■ Entries supplied
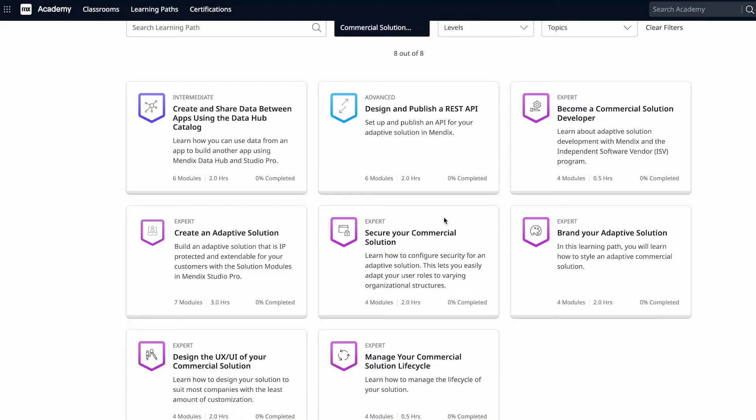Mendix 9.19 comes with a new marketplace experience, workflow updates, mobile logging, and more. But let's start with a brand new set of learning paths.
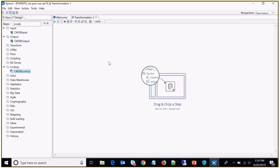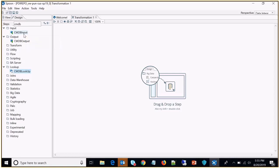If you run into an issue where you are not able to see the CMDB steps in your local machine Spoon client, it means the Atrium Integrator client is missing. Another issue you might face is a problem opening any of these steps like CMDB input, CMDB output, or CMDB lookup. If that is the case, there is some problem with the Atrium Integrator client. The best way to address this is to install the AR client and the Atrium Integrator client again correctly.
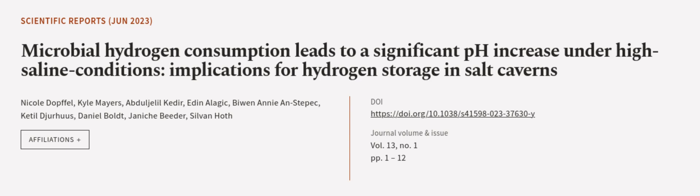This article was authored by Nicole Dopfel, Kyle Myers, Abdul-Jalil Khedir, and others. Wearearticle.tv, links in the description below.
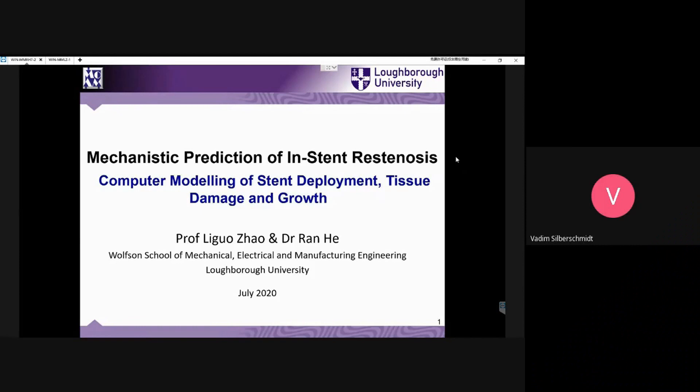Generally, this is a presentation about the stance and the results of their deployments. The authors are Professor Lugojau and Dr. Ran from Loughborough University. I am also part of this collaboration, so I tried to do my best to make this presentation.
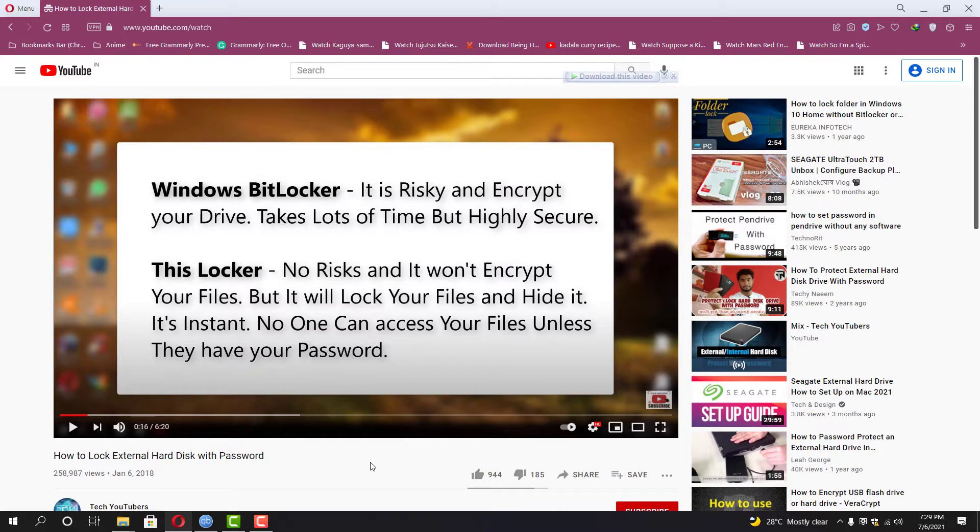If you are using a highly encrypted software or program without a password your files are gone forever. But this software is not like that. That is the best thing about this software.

■ Task description
Would you return the material above exactly, apart from its pictures?

■ Exercise solution
Mendix 9.19 comes with a new marketplace experience, workflow updates, mobile logging, and more. But let's start with a brand new set of learning paths.
If you run into an issue where you are not able to see the CMDB steps in your local machine Spoon client, it means the Atrium Integrator client is missing. Another issue you might face is a problem opening any of these steps like CMDB input, CMDB output, or CMDB lookup. If that is the case, there is some problem with the Atrium Integrator client. The best way to address this is to install the AR client and the Atrium Integrator client again correctly.
This article was authored by Nicole Dopfel, Kyle Myers, Abdul-Jalil Khedir, and others. Wearearticle.tv, links in the description below.
Generally, this is a presentation about the stance and the results of their deployments. The authors are Professor Lugojau and Dr. Ran from Loughborough University. I am also part of this collaboration, so I tried to do my best to make this presentation.
If you are using a highly encrypted software or program without a password your files are gone forever. But this software is not like that. That is the best thing about this software.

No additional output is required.